Slowly, he reached for that scarf, intent on exposing the neck beneath.
Gerard Segremors

@VitaVitaAR

The front lines of any mercenary corps were a hellish, chaotic mess. They engulfed you in a storm's eye, surrounding your every sense with a tumultuous flood of stimuli. To survive long in such a hellish quagmire day in and day out required skill and instinct in equal measure— No amount of pure swordsmanship, an art that was made through sight and touch, would save a soldier from an attack that came from a blind angle.

"Down, down, down! Under the table, all three of you!" Gerard roared, pulling steel free from the blackened leather sheath that had never left an arm's reach away. With his left hand he reached forward as though to beckon the trio behind him or shepherd them towards safety, but his head had long snapped onto the diminutive frame of the would-be assassin, and belied his true mentality.

The thrum of a loosed bolt from a crossbow, however masked by the party's chatter, was unmistakable.

To spend five years in that aforementioned hell unscathed required an ability to separate signal from noise that bordered on uncanny, and the quickness of action to match. He would waste no more of it on talk. No more on anything short of action.

There was danger to snuff.

In that instant the stiff, uncomfortable candor had left him, and the soldier of a hundred battlefields returned, eyes ablaze with golden purpose.
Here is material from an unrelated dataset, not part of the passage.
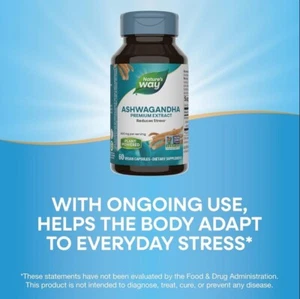 ASHWAGANDHA Nature's Way - REDUCES STRESS* 60 Vegencaps PREMIUM EXTRACT. NEW!!! - Picture 1 of 4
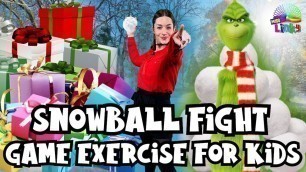 'Christmas Snowball Game Exercise | Learn How To Throw A Ball | Indoor Workout For Kids'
With it came that familiar rush of flame through the body, the same that slowed the world and hastened his eyes.

He surged forward past them, chewing up the distance between their place at the banquet and the center stage of the unfolding drama. Ahead of him, his fellow knights, those who had rushed to greet the Princesses had already assumed offensive posture— Sir Renar in pursuit, lobbing a serving tray. Sir Sergio in his wake, steel of a rondel gleaming in the chandelier's light. A moment later, Sir Vier, blades in tow.

They'd get there first— assuming the assassin stayed put. They wouldn't. Three grown men at a dead sprint, though, would counter their quarry's assumed agility with greater athleticism and stride length, covering more ground in less time.

That tower of onyx that had been shadowing a young noble (no older than the three he'd been accosted by) was already moving as well, away from his charge and Serenity by extension. His direction would take him past the fleeing midget— not a bad idea.

The Crown was covering exits. Fionn, Dame Serenity, Paladin Tyaethe, and the elf who'd caught the bolt were covering the targets of the attempt. With as far as his group had been in the moments prior, he would be late to support either of the other auxiliary roles— But had good lateral positioning from the angle the diminutive figure had shown themselves.

With a sharp exhalation, he slammed his boot into the carpet and cut a broad angle. He could move to shut down their left flank. Boxing them in would kill their escape. The sprint would carry him into position quickly. Trying to pass him would be an invitation to be wrenched into the ground.

Gerard would, of course, quite readily oblige.